Skip to main content

Anomaly Detection

DOI

Language Language Language

The anomaly-detection library is part of the of the TOS2CA Project. For more information, visit the TOS2CA website at https://nasa-jpl.github.io/tos2ca-documentation/.

This python library is responsible for:

  • Taking user input about an inequality, variables, temporal bounds, and geospatial bounds
  • Retrieving subsetted data matching that user input
  • Converting that data to a binary format in a time-ordered sequence
  • Passing the data to ForTraCC
  • Using the masks produced by ForTraCC to retrieve curated data of interest to the user
  • Interpolating any curated data onto a common grid

Requirements

  • Access to the TOS2CA data dictionaries
  • ForTraCC
  • See the requirements.txt file for required Python libraries
  • Access to AWS services

Library Flow

Below is a description of the various TOS2CA stages. You should also take a look at the job statuses for additional information.

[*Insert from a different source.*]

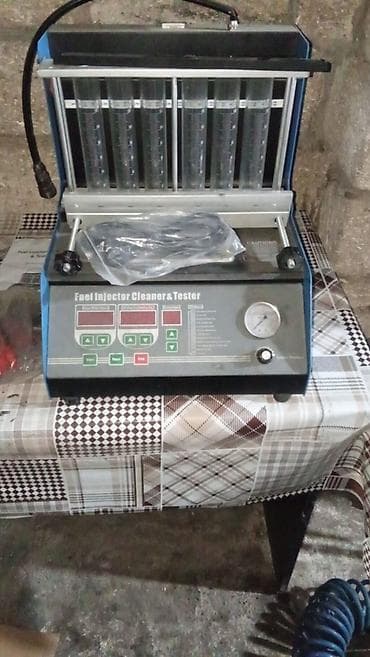 Yanacaq enjektoru təmizləyici və tester aparatı - 6 enjektor üçün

Phenomenon Definition (PhDef) Stage

Running the library in an end-to-end fashion requires the following steps: 01. Read the job information from the database that includes all the infomration about the temporal, spatial, operator, dataset, and variable requested. Initially, jobs will be in 'pending' status in the database. 02. Once you have the job information, choose the appropriate reader for the dataset/variable in question and mark the job as 'running' in the database. 03. Request and/or read the data, returning a subset based on the user input. 04. Format the data into a dict type and convert it to binary. 05. Store the read data in Elasticache. 06. Call the ForTraCC operator class that will start the ForTraCC job, reading the data from Elasticache and converting it back from binary to dict. 07. Deposit the ForTraCC output into Elasticache. 08. Stitch the output netCDF-4 file together and deposit it in S3. 08. Create plots and GeoJSON polygons of the anomalies. 09. Upload the plots and GeoJSON to S3. 10. E-Mail the user that their job is complete and send them the locatin of the S3 bucket with their job directory. 11. Mark the job as 'complete' in the database. The user can continue on to data curation or exit the system here.

Data Curation Stage

Running the library in an end-to-end fashion requires the following steps: 01. Read the job information from the database that include information about what PhDef to run against, along with the dataset and variable information. 02. Once you have the job informatio n, choose the appropriate curator for the dataset/variable in question and mark the job as 'running' in the database. Initially, jobs will be in 'pending' status in the database. 03. Run the curator, which will output a netCDF-4 file with the data for each anomaly at each time step. It will also automatically get data for one timestamp before the first timestamp and one timestamp after the last timestamp, and curate data for those extra timestamps using data from the masks at the first and last timestamps, respectively -- this is to give more data on initial and final environmental conditions. Note that incronguities may exist beween the grids and timesteps between the data used in PhDef and the requested curator data. See the metadata in the output curated data file for additional information on this. 04. Upload the curated data file and JSON hierarchy file to S3. 05. Run the curated file through the interpolater. This will get the curated data on the same temporal and spatial resolution as the original mask data. This way the user can compare them more easily. This will also generate statistics in the metadata of the interpolated file. The interpolated fill will also be stored in S3. 06. E-Mail the user that their job is complete and send them the locatin of the S3 bucket with their job directory. 07. Mark the job as 'complete' in the database. 08. User can make plots of individual anomalies at spcific timestamps using the interpolated file. The user can continue on to visualization tools, download the data, or exit the system here.

Job Chunking

All stages of TOS2CA can be run in chunks to parallelize the processing tasks. If you do not wish to run the jobs in chunks, you will essentially have 1 chunk, which will be indiated in the database. If you do want to chunk, you can split the job up into n chunks as you wish. It is easiest to split chunks up by hour or by the timestep of the data. Once you have all the chunk output for the mask, curated, and interpolated data, there are functions in this library to stitch them back together.